**Instructions for the task:**
Instruction for the entries below: return the part that opens with the line containing "5x7 Rug de zone" and closes with the line containing "Floral Graphic T-Shirt", exactly, and no pictures.

**Task inputs:**
****

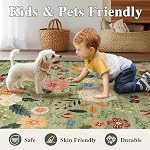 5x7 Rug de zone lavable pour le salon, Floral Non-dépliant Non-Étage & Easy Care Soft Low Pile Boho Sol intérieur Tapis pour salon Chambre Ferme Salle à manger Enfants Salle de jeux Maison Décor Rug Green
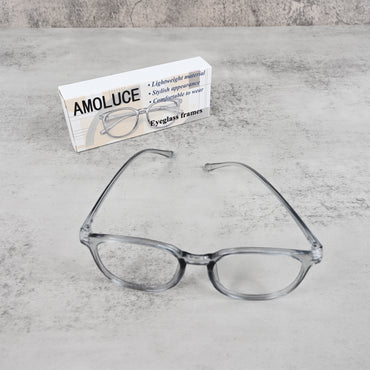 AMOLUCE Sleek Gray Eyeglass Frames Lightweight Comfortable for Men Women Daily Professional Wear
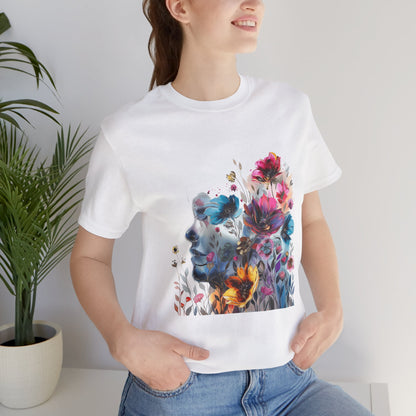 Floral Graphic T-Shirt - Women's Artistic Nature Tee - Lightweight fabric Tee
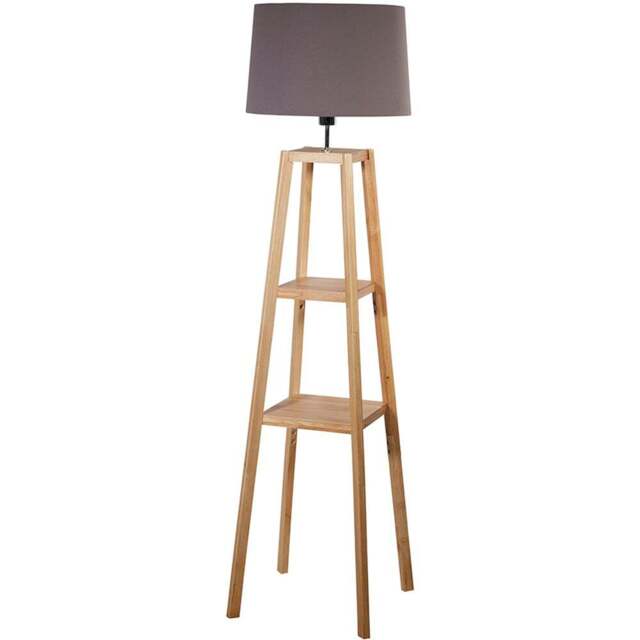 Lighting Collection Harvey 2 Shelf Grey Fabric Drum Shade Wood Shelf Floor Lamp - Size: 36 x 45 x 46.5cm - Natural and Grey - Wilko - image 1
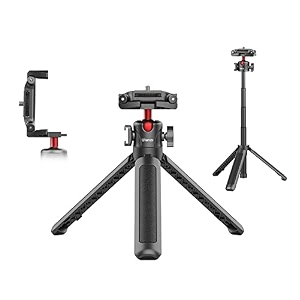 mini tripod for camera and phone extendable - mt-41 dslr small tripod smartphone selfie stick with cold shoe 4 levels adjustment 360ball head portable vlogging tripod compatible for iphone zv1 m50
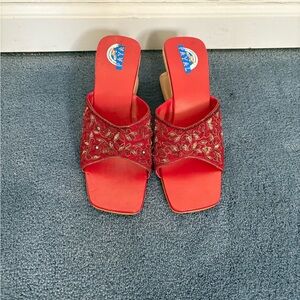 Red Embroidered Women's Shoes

****

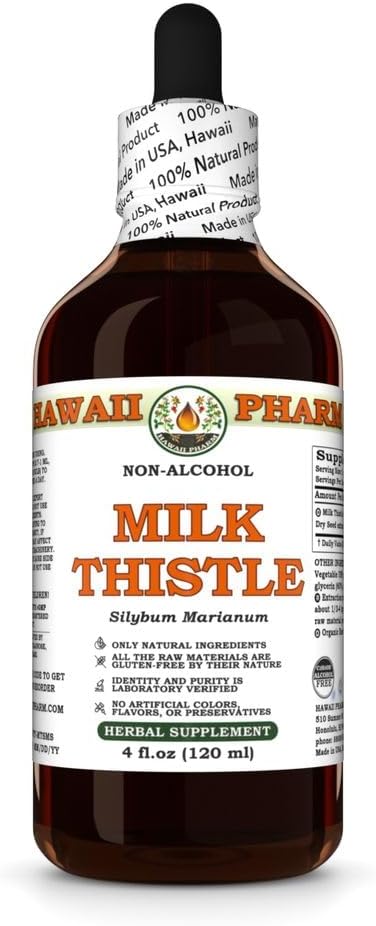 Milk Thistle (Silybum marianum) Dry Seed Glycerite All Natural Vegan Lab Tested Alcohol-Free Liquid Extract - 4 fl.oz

****

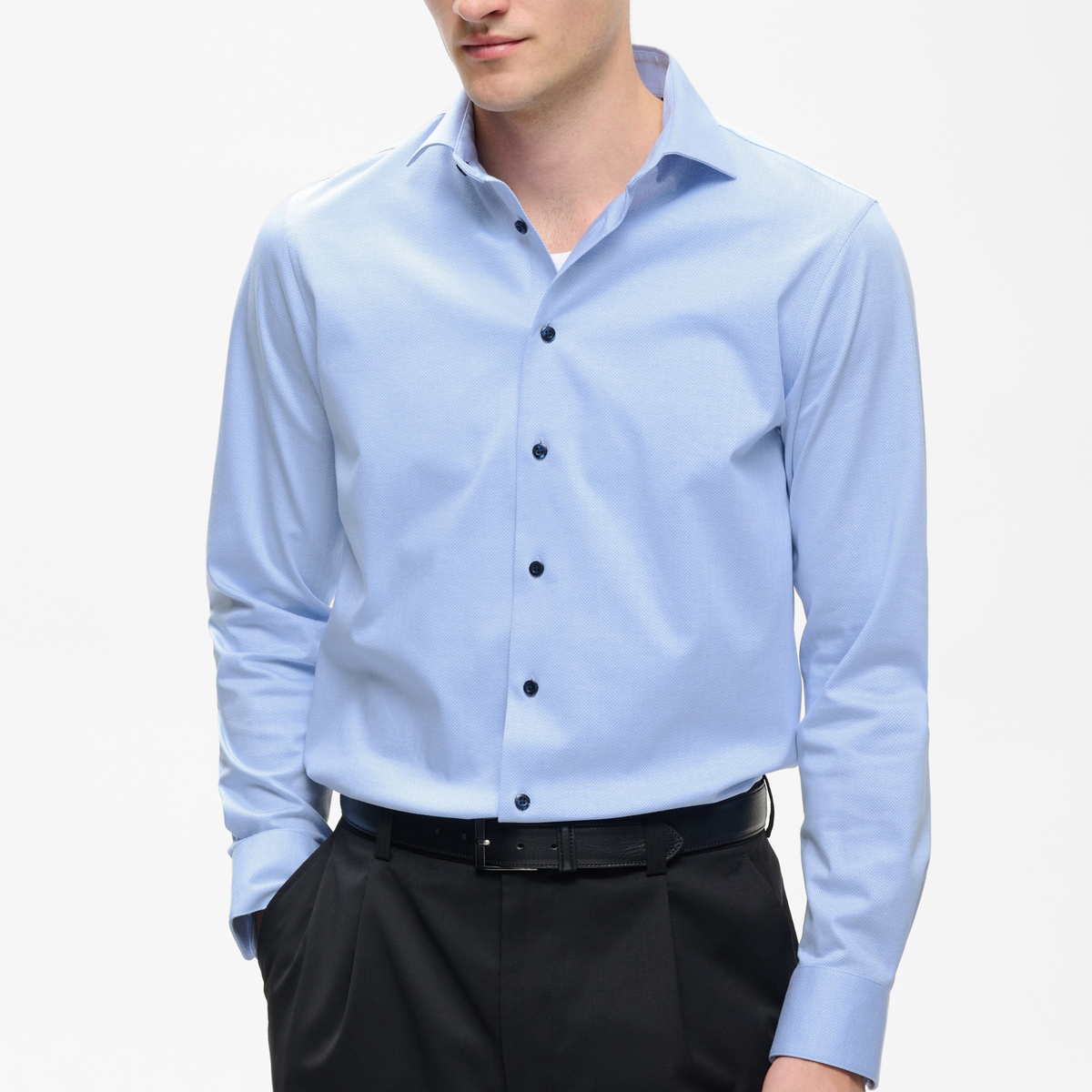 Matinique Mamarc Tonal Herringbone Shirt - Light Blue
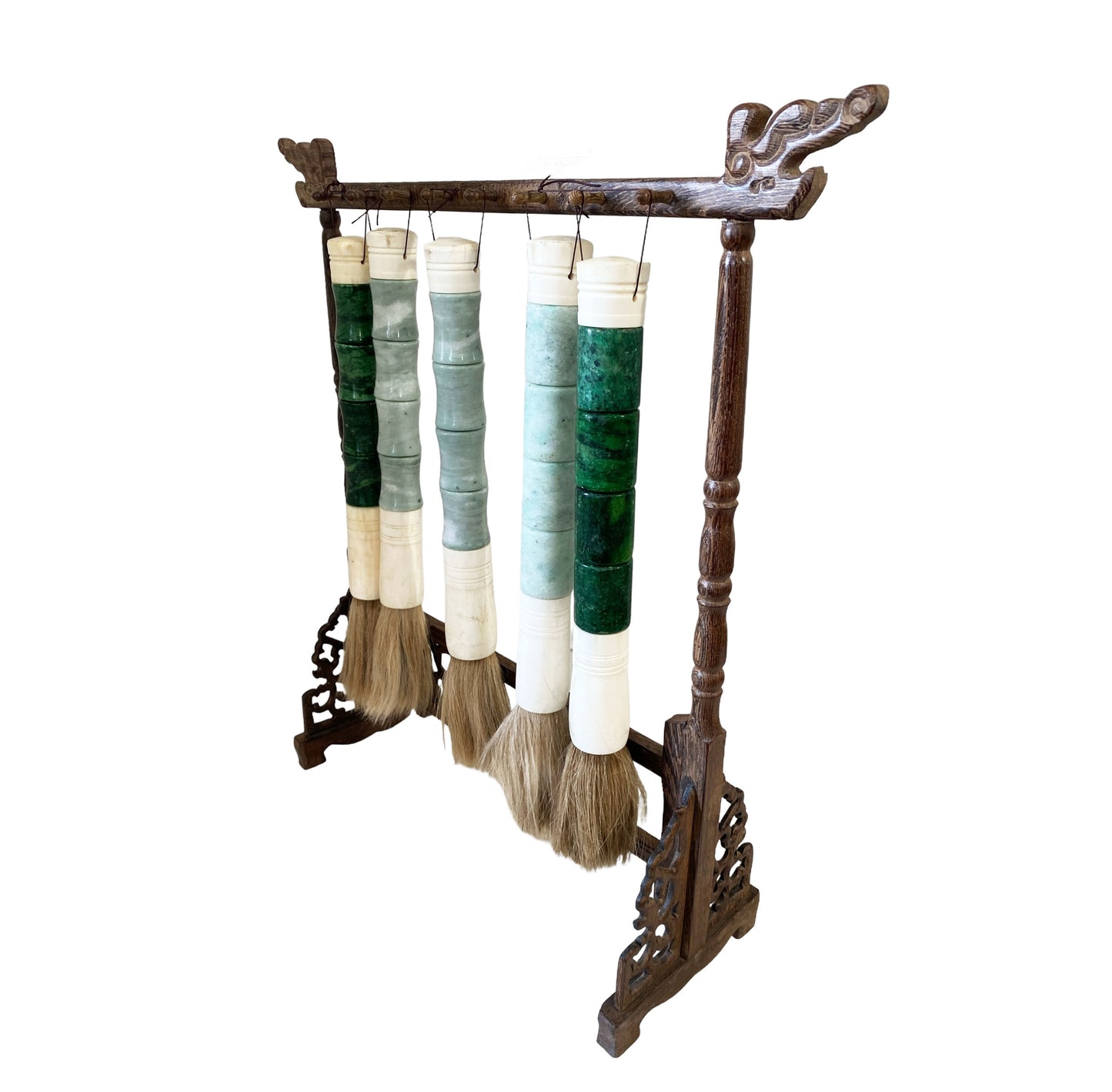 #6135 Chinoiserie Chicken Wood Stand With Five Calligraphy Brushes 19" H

****

**Answer to this problem:**
 5x7 Rug de zone lavable pour le salon, Floral Non-dépliant Non-Étage & Easy Care Soft Low Pile Boho Sol intérieur Tapis pour salon Chambre Ferme Salle à manger Enfants Salle de jeux Maison Décor Rug Green
 AMOLUCE Sleek Gray Eyeglass Frames Lightweight Comfortable for Men Women Daily Professional Wear
 Floral Graphic T-Shirt - Women's Artistic Nature Tee - Lightweight fabric Tee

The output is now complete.